### Input for this task ###

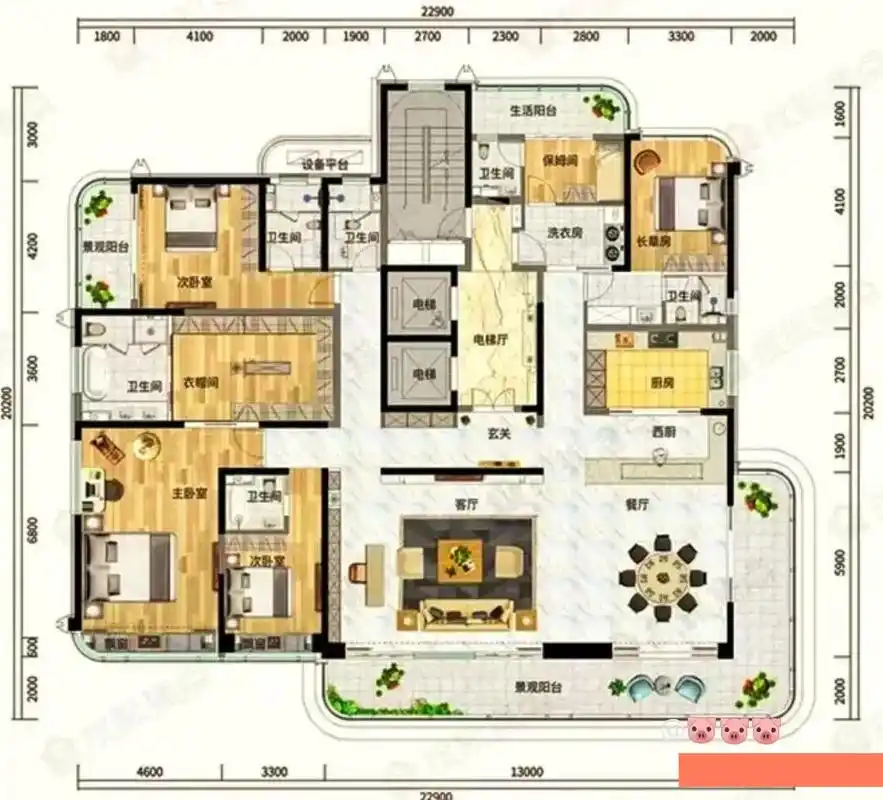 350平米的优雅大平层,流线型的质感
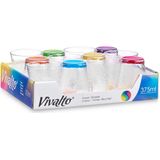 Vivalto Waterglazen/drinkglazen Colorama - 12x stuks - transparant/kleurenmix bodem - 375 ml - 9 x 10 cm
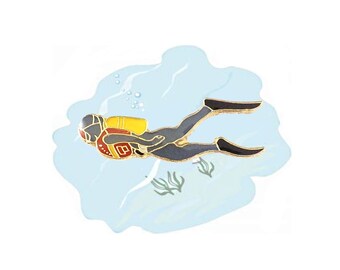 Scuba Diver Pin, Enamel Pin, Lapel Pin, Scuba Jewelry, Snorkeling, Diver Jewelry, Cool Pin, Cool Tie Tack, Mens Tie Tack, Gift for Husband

###
### Input for this task ###

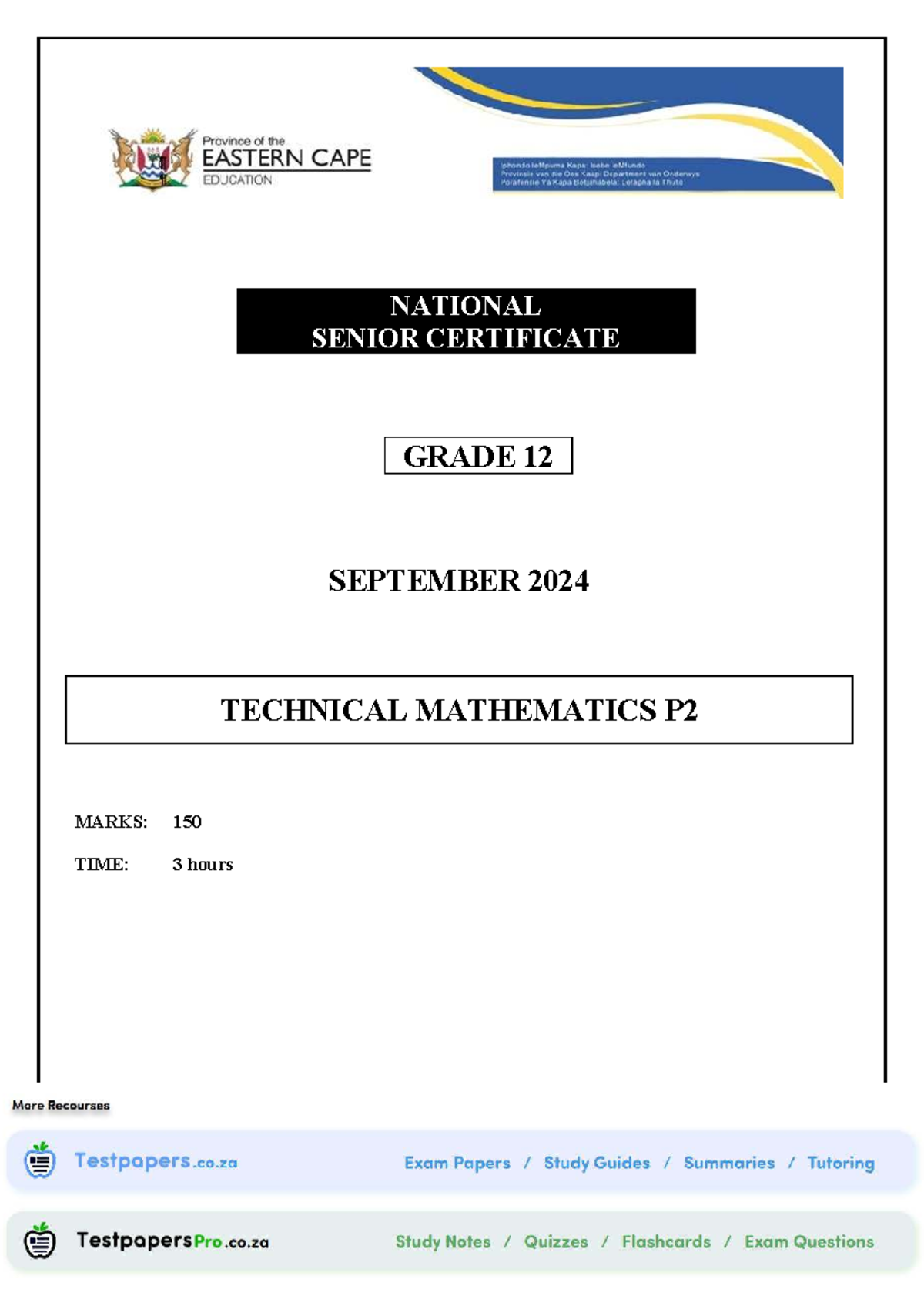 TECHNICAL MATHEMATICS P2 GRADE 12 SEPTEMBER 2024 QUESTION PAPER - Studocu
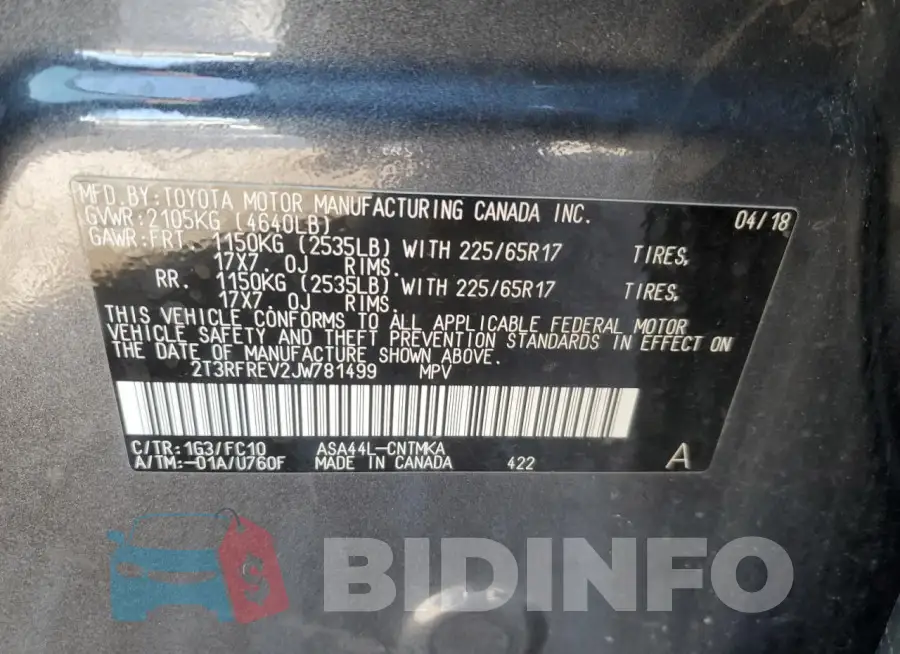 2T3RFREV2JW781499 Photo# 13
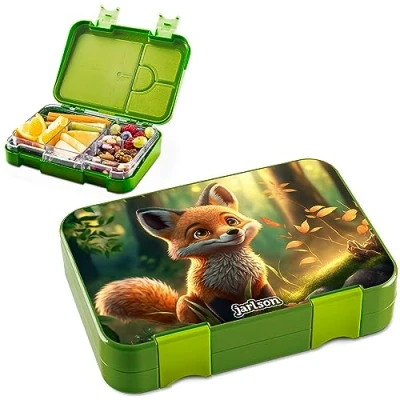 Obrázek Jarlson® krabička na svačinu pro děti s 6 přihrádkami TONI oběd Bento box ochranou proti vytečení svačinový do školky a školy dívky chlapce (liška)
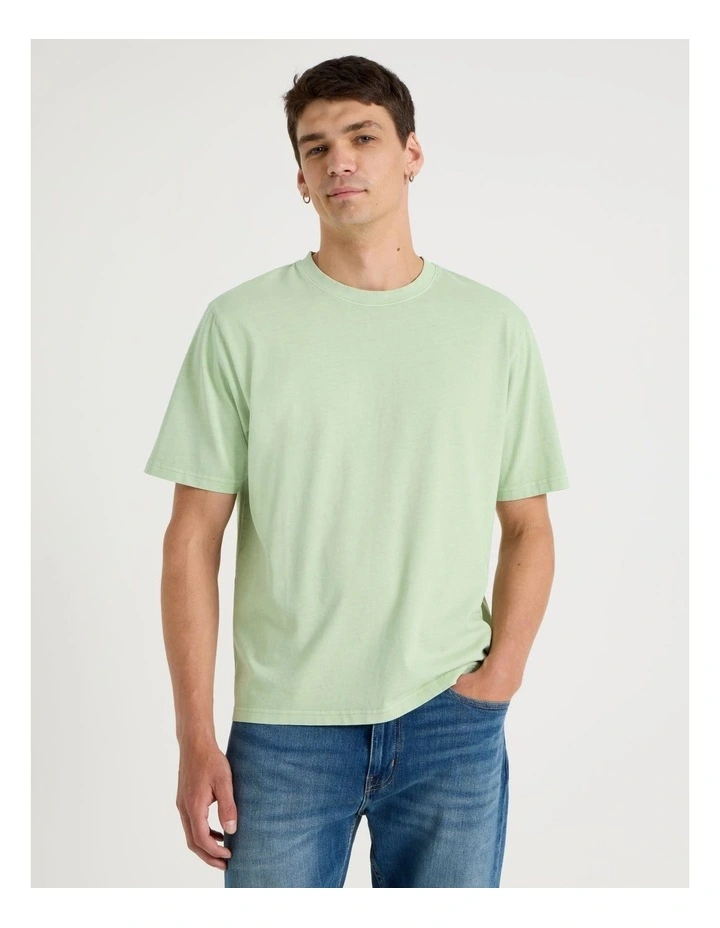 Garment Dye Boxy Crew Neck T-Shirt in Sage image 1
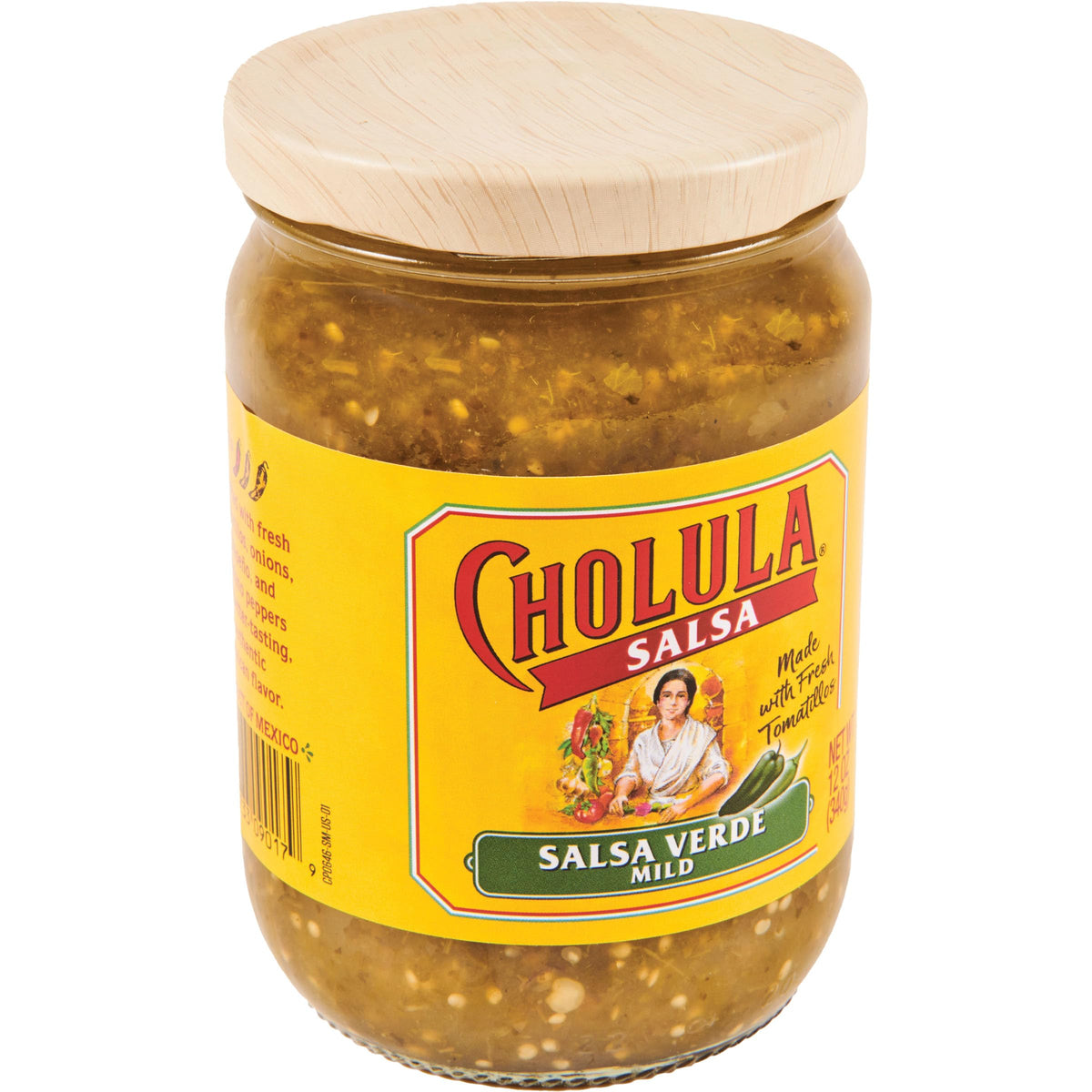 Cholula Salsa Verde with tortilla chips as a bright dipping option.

###
### Input for this task ###

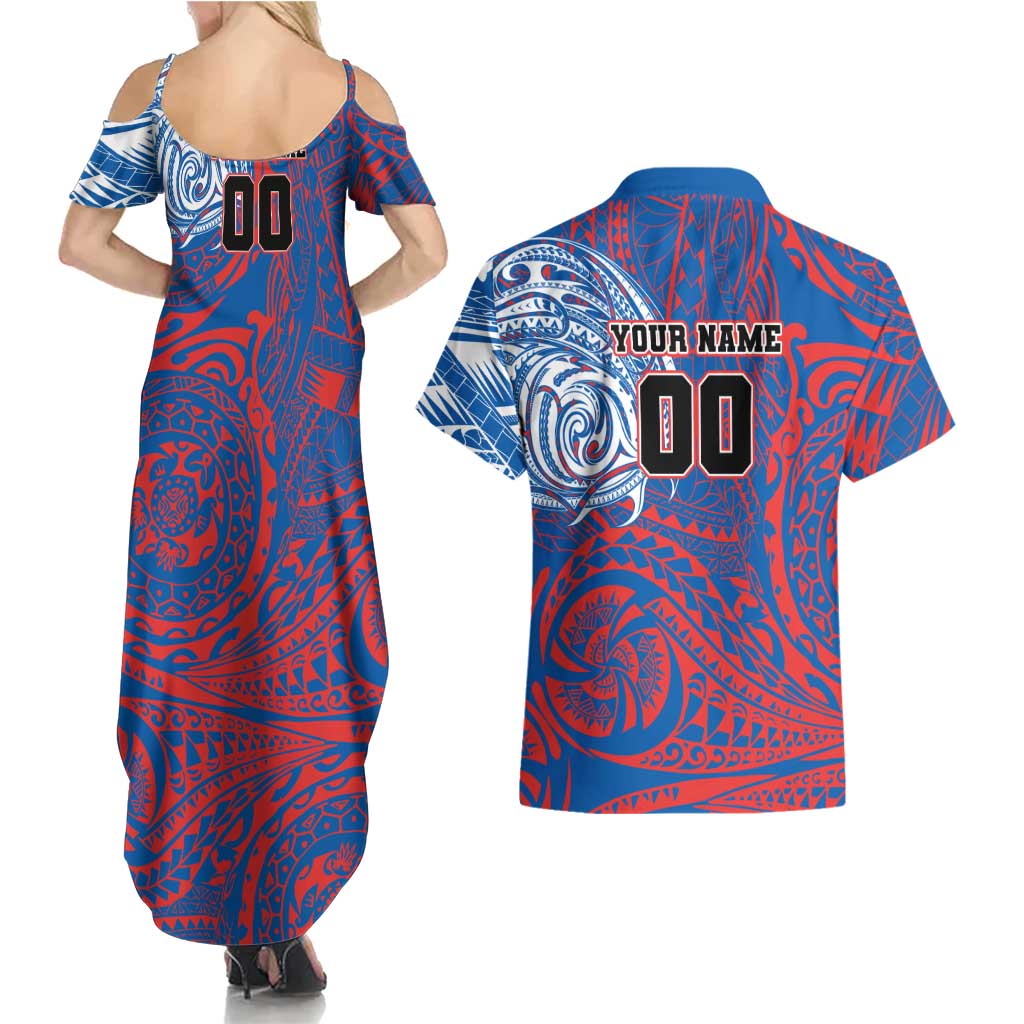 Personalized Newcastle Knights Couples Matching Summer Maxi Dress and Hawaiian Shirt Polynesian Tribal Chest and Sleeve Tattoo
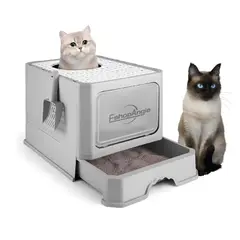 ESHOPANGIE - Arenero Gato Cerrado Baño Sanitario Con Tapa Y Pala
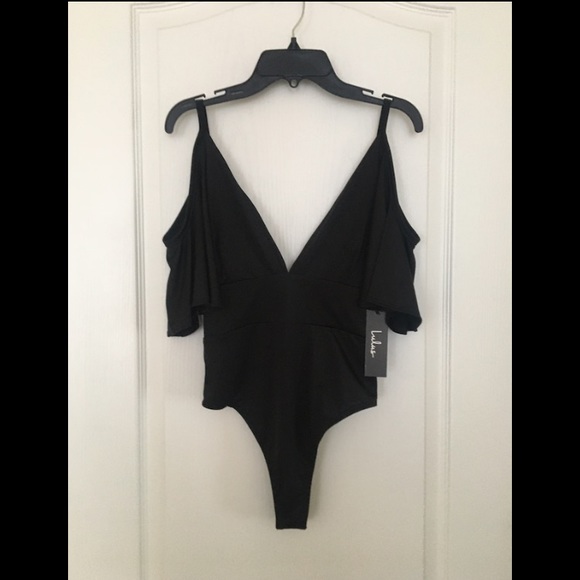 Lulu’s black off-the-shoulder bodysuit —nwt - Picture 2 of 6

###

• [Assignment]: Go to the line above that contains "350平米的优雅大平层,流线型的质感" and reproduce everything exactly from there through the line that contains "Scuba Diver Pin, Enamel", leaving out the pictures.

• [Exercise output]:
 350平米的优雅大平层,流线型的质感
 Vivalto Waterglazen/drinkglazen Colorama - 12x stuks - transparant/kleurenmix bodem - 375 ml - 9 x 10 cm
 Scuba Diver Pin, Enamel Pin, Lapel Pin, Scuba Jewelry, Snorkeling, Diver Jewelry, Cool Pin, Cool Tie Tack, Mens Tie Tack, Gift for Husband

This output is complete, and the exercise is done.